I asked you a simple question! Do you love her? YES! But don't hold that against me, I'm a little screwy myself!

Monday, September 26, 2005

The Fall of TV - Part 2

Tuesday night – Finally a night of hard decisions.

ABC
According to Jim: This is not one of them.

Rodney: Another family/cute kid sitcom. I think I’ll pass.

Commander in Chief: So, Geena Davis is the president. But the world’s not ready! For a woman. This just seems so serious. And sad, since I’d rather see a woman actually be in the White House than see one playing at it.

Boston Legal: Okay, so, this is my guilty pleasure show. It’s complete camp. It’s James Spader and William Shatner in the same room feeding off each other. Throw in Candace Bergen and some Betty White here and there, and it’s beyond hilarious. And the fact that they’re getting rid of Monica Potter this year? I’m so stoked.

CBS
NCIS: What is this? CSI, but with the army?

The Amazing Race: I’ve heard this is the best reality show out there. But it’s got too much 9 o’clock competition for me to play along.

Close to Home: A legal drama. Without James Spader or William Shatner.

NBC
The Biggest Loser: This show is one of the reasons people go ex-patriot.

My Name is Earl: Okay. I love Jason Lee. And I would love to watch this show. It looks funny and a little unconventional and most importantly: Jason Lee. But it comes on at the same time as House

The Office: Ditto. I love Steve Carrell and I’ve heard really great things. But, House.

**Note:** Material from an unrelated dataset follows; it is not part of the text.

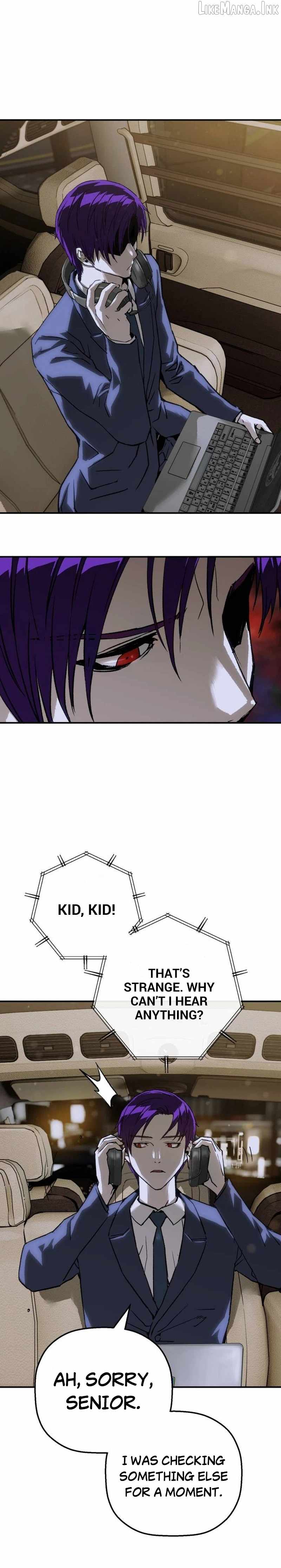 The Villain’s Profiler — Chapter 68 — page 18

Law & Order: Special Victims Unit: Um, I don’t want to alarm anyone, but this Law & Order thing is reproducing like a lot of bored bunnies. Like, watching Law & Order bored.

Fox
Bones: This is David Boreanaz’s new show. I am glad he’s working. I want to make that clear. Even before the show aired, I was concerned about the leading lady of this show. In one of my less charitable moments, I called her “ugly in the face” much to Sam’s amusement. Still, I held out hope that, upon actually watching the show, I would come to like her, love her, laud her as a shining example of the betterment of not-that-attractive people on TV. As it turns out, per the pilot, her character is not only not attractive enough to play opposite David Boreanaz, she’s also pretty bitchy and meddlesome. While I can get on board with a bitchy woman, this woman seems like overkill with her nonsensical involvement in FBI cases and complete lack of pop culture references. I just think I have to let David Boreanaz and his meal ticket soldier on without me.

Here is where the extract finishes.